Raw data Block Start

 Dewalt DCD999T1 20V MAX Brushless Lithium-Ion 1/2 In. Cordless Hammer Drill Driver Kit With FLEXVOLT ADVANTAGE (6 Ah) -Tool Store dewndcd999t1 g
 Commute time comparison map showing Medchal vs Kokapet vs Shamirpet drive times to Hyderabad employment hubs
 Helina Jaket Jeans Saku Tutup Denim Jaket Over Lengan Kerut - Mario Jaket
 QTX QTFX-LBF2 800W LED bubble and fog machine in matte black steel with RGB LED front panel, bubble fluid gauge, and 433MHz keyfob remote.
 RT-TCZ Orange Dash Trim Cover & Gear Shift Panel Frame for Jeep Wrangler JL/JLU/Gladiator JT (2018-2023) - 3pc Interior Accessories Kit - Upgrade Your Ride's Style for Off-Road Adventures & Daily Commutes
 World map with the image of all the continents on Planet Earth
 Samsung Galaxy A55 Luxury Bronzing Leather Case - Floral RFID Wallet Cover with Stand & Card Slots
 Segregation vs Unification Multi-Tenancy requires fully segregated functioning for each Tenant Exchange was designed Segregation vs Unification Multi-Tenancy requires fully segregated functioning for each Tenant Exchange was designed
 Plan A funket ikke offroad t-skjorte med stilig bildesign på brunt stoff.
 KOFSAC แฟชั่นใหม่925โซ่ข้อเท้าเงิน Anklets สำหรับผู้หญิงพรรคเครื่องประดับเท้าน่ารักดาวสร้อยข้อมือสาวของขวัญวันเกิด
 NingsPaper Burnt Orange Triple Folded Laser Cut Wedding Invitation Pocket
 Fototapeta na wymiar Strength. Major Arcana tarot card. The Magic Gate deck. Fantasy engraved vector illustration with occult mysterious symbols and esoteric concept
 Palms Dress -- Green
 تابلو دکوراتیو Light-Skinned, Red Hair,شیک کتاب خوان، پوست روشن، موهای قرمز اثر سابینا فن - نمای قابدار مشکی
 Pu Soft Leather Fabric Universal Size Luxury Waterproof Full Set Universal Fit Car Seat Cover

Raw data Block End

**Your task**
Every line above that holds the word "Leather" needs to be copied.

**Output below**
 Samsung Galaxy A55 Luxury Bronzing Leather Case - Floral RFID Wallet Cover with Stand & Card Slots
 Pu Soft Leather Fabric Universal Size Luxury Waterproof Full Set Universal Fit Car Seat Cover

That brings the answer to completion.